I seem to have been unlucky with “sketches” at that time. I had a one-act comedy—and a very amusing comedy too; my son later used it as a curtain-raiser, and I played it at several of the big halls: as the Americans say, “It went big.”
I thought I would strike out on my own and see an agent myself, without saying anything to anybody. This is what happened. (I should say that this is only a few years ago, when I had thought for some time that as an actress I was fairly well known.)

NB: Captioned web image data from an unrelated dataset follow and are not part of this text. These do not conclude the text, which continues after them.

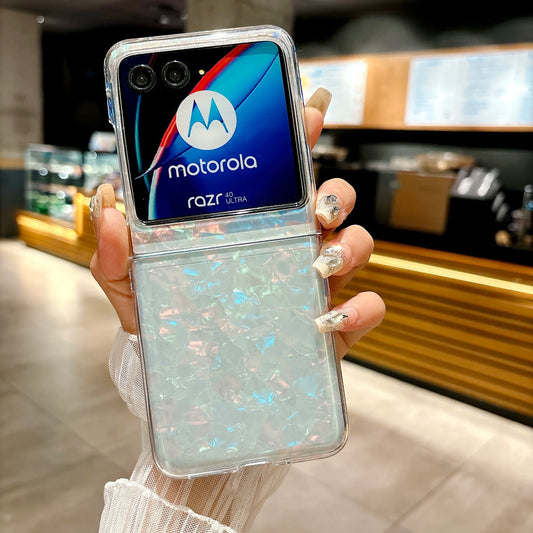 Luxury Seashell Plastic Folding Case For Motorola Razr 40 50 60 Ultra  Cover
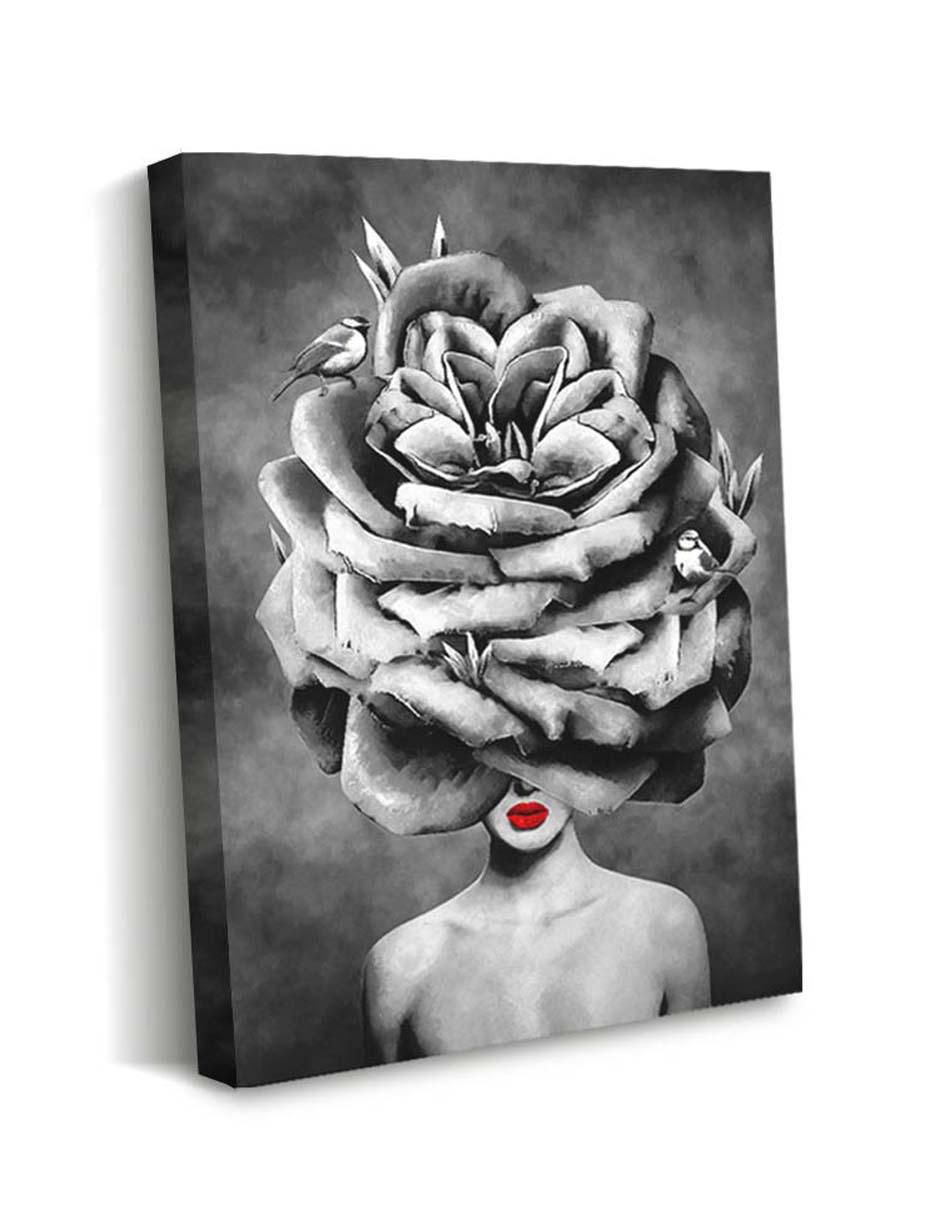 Cuadro decorativo Canvas Art Rosa sobre mujer de labios rojos con barniz a registro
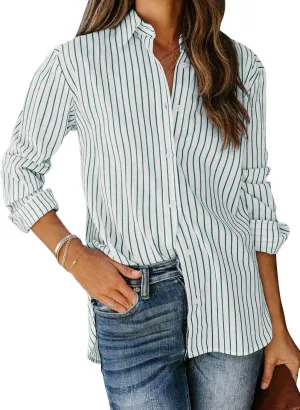 siliteelon Womens Button Down Shirts Cotton Striped Dress Shirt Long Sleeve Collared Office Work Blouses Tops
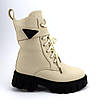0534B Бежеві зимові черевики на шнурівці для дівчинки шерсть тм Том.м  розмір 37 - устілка 23 см, фото 6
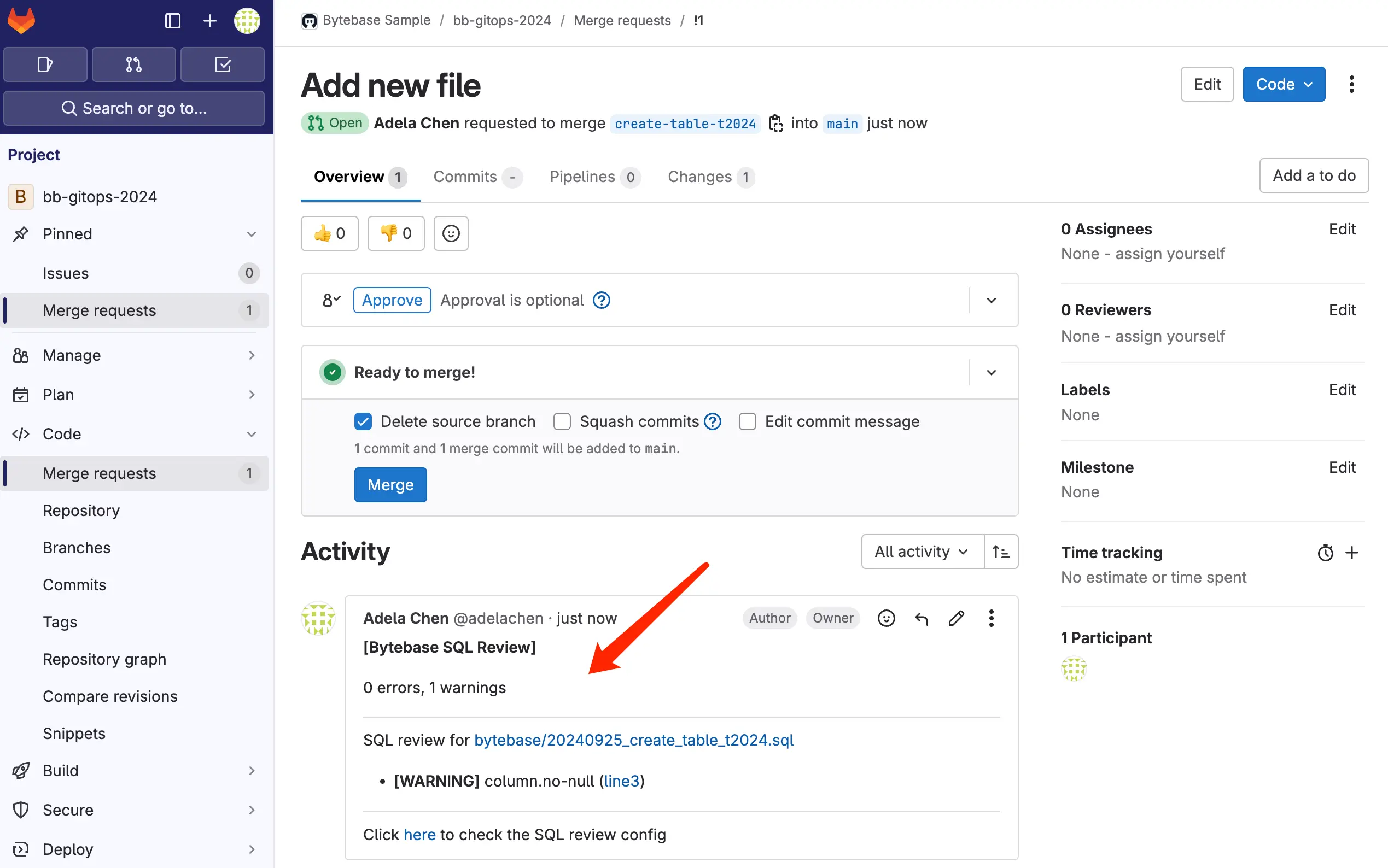 gitlab-sql-review-warning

I called on the agent in question; he was established in large and most comfortable offices in the West End. I was ushered into the Presence! He was a very elegant gentleman, rather too stout perhaps. He sat at a perfectly enormous desk, swinging about in a swivel chair, and, without rising or asking me to sit down (which I promptly did), he opened the interview:
“Who are you?” I supplied the information.
“Don’t know you,” he replied. “What d’you want?” I told him, as briefly as possible. At the word “sketch” he stopped me, and with a plump hand he pounded some letters that lay on his desk. “Sketches,” he repeated solemnly, “I can get sketches three-a-penny, and good people to play ’em. Nothing doing.”
I stood up and walked to the door, then perhaps he remembered that he had seen me in a play or something—I don’t know; anyway, he called after me, “Here, who did you say you were?” “Still Eva Moore,” I said calmly, and made my exit.
All agents may not be like that; I hope they are not; but I fancy he is one of the really successful ones. Perhaps their manners are in inverse ratio to their bank balances.
Talking of agents, I heard of one who was listening to a patriotic ballad being sung at the Empire during the war. A man who was with him did not like it, and said, “You know, that kind of stuff doesn’t do any good to the Empire”—meaning the British Empire. “No,” was the reply; “they don’t go well at the Alhambra, for that matter, either.”